**What you are asked to do**
Once the line containing "Additional image for" is found in the records below, return it and each following line exactly, up to and including the line containing "Checkered Shorts Green", and nothing else.

(Crawled caption data)
"""

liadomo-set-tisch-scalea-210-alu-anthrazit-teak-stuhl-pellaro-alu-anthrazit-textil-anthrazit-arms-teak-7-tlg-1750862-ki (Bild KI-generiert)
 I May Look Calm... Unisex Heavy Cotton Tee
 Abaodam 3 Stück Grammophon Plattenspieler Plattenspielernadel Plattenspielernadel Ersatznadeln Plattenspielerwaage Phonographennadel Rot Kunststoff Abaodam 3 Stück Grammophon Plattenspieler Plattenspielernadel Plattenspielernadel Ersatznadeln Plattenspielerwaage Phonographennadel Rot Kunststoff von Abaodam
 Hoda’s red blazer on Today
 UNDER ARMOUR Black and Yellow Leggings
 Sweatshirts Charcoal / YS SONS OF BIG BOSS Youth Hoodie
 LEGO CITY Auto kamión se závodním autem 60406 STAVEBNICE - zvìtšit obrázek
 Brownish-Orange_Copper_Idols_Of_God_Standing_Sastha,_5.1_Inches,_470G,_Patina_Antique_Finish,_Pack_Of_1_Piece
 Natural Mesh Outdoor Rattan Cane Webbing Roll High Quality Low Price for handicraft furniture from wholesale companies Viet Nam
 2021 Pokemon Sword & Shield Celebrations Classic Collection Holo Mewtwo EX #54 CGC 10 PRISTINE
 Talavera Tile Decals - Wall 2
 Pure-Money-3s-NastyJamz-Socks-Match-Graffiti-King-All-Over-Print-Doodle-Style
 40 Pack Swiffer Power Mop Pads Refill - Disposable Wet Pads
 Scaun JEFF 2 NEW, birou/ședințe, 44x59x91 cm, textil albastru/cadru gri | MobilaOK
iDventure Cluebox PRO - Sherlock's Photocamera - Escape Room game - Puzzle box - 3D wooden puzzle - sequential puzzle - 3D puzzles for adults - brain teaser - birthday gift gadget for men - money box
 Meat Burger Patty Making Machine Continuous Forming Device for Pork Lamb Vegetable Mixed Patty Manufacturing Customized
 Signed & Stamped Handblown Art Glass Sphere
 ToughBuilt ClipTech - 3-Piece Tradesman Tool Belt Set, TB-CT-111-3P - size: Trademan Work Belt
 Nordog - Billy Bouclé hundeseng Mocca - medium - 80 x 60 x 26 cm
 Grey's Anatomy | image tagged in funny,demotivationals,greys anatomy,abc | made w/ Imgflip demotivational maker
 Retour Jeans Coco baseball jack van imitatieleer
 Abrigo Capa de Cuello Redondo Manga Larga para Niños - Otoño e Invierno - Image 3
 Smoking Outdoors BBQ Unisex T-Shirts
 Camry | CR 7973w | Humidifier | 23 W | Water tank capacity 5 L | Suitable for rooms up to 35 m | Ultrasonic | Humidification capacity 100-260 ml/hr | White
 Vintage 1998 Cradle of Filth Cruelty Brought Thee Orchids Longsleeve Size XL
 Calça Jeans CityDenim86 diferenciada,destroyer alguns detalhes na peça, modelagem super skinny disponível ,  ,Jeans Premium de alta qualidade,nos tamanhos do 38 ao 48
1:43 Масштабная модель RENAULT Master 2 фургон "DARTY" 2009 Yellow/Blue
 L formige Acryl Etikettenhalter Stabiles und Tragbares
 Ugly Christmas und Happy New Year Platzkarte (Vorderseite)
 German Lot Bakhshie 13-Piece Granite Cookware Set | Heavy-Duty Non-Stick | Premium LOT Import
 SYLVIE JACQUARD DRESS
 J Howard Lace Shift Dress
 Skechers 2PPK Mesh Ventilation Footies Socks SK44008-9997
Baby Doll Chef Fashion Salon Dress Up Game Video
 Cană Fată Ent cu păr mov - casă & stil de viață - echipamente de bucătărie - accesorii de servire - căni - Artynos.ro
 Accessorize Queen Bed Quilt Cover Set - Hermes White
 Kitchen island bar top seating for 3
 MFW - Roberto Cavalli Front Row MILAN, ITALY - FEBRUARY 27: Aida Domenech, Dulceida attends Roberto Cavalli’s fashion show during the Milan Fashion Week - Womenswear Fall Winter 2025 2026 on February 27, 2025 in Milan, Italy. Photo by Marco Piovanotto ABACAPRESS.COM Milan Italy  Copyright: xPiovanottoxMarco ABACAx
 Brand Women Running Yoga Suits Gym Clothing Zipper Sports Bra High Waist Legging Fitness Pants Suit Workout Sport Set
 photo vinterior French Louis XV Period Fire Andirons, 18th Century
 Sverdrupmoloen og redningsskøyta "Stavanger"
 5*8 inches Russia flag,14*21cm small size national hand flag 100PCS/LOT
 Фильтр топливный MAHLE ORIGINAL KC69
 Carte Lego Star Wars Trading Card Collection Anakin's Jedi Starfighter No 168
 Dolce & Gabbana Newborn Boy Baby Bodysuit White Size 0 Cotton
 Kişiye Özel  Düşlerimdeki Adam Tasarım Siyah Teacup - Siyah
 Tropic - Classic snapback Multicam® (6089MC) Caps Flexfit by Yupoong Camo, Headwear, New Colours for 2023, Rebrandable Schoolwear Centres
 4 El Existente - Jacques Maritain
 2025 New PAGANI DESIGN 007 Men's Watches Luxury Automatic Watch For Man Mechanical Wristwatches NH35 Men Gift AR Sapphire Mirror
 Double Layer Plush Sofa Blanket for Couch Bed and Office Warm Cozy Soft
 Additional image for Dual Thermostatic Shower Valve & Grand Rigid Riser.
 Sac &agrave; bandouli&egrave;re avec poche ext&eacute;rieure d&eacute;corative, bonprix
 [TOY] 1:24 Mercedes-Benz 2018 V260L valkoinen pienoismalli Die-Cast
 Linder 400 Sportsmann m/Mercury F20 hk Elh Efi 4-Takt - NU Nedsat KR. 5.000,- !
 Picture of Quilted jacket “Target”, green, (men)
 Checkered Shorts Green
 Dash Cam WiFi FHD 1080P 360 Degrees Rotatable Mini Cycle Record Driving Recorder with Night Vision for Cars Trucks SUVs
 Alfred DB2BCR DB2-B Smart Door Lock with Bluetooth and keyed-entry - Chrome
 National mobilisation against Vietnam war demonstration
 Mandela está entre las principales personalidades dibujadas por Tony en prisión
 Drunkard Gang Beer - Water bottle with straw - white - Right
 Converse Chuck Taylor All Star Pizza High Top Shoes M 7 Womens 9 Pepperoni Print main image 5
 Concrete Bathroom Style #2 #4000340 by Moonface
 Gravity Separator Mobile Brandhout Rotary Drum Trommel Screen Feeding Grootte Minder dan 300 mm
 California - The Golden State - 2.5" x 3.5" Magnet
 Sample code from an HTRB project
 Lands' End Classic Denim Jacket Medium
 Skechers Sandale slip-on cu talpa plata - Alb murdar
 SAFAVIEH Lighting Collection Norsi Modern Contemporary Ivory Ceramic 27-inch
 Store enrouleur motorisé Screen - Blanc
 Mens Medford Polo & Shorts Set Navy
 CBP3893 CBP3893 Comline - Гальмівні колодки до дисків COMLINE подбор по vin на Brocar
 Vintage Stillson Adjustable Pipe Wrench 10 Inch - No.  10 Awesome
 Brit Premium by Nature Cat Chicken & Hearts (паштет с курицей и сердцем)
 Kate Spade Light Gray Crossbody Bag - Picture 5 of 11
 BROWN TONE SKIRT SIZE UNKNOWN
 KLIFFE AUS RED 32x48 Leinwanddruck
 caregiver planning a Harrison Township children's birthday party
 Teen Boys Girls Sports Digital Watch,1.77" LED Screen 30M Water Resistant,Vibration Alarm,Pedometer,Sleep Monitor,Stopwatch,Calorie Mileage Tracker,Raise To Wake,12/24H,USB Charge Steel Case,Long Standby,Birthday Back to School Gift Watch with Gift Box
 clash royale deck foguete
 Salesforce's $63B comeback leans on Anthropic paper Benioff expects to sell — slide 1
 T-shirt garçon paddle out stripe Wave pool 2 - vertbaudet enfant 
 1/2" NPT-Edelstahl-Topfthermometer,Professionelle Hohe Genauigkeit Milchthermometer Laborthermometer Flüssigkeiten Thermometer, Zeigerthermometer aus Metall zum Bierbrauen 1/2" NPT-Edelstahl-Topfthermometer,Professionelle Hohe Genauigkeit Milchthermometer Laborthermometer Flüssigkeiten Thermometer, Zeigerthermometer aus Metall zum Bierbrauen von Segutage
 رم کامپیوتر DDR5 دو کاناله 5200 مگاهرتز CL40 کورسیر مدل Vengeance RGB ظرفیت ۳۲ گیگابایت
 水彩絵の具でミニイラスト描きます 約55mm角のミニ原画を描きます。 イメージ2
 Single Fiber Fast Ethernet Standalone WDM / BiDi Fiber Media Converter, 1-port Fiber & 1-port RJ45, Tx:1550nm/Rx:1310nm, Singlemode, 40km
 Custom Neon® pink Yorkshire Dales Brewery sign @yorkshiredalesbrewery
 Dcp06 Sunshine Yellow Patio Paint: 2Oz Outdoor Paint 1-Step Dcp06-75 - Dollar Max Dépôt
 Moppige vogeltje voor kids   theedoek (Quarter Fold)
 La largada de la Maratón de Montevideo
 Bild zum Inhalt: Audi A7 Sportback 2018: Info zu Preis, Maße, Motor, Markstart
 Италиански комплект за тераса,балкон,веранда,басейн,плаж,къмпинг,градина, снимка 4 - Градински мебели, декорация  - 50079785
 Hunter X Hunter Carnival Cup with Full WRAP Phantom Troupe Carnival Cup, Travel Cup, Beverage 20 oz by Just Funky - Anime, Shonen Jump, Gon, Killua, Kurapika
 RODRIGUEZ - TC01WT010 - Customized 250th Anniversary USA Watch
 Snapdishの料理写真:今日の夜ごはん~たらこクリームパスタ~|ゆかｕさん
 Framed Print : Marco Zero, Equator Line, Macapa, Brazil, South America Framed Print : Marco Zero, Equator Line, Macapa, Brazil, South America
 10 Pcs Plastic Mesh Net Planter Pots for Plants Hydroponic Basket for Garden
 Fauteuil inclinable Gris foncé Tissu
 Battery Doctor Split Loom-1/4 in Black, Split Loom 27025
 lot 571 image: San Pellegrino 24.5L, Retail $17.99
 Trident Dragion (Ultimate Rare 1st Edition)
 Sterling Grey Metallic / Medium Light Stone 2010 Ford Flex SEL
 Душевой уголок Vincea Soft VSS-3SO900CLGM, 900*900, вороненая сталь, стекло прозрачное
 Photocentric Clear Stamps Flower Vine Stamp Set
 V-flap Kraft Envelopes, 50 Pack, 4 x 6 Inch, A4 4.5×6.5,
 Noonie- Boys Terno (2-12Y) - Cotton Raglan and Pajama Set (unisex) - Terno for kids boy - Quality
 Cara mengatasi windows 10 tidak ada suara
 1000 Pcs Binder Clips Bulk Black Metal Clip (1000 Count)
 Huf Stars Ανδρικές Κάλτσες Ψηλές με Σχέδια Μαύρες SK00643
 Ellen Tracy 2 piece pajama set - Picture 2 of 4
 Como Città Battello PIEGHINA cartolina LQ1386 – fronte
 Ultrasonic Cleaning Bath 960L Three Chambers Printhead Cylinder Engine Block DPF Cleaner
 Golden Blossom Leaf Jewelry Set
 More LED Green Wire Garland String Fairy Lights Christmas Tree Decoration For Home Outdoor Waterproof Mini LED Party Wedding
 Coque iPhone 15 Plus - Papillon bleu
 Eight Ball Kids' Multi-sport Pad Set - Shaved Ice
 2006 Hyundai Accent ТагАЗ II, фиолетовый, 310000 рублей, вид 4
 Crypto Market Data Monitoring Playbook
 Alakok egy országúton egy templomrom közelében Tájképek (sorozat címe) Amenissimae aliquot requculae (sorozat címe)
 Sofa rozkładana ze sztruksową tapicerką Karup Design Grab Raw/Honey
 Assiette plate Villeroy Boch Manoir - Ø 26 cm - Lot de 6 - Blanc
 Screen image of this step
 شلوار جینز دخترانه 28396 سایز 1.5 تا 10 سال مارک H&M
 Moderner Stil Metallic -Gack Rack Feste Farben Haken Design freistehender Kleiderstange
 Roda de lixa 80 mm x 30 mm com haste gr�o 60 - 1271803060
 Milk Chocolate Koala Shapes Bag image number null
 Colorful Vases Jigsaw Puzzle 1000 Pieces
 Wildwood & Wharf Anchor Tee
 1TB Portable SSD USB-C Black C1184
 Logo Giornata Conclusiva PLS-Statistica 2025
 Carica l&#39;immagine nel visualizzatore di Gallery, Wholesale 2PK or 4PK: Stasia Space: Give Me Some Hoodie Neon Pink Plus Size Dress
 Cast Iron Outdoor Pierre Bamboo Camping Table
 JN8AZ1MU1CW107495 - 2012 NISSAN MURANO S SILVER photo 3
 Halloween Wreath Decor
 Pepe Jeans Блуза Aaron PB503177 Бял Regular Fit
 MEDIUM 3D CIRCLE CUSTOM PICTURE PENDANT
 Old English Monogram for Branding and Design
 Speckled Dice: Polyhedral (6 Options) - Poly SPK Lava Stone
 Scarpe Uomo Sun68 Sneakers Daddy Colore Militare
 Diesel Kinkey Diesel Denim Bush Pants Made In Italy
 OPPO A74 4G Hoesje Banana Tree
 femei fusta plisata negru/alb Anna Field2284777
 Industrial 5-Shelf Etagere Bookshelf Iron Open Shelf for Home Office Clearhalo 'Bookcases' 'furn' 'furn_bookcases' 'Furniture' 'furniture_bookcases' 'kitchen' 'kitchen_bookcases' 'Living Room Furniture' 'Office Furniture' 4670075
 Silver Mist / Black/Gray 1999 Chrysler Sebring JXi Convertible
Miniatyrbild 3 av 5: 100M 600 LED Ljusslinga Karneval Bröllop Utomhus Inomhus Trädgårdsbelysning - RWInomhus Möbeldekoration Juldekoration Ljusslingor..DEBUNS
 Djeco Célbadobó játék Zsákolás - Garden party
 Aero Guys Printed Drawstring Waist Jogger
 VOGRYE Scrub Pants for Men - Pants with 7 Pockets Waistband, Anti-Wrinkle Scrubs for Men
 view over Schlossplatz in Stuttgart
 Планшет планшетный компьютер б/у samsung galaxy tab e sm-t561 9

"""

**Exercise result**
 Additional image for Dual Thermostatic Shower Valve & Grand Rigid Riser.
 Sac &agrave; bandouli&egrave;re avec poche ext&eacute;rieure d&eacute;corative, bonprix
 [TOY] 1:24 Mercedes-Benz 2018 V260L valkoinen pienoismalli Die-Cast
 Linder 400 Sportsmann m/Mercury F20 hk Elh Efi 4-Takt - NU Nedsat KR. 5.000,- !
 Picture of Quilted jacket “Target”, green, (men)
 Checkered Shorts Green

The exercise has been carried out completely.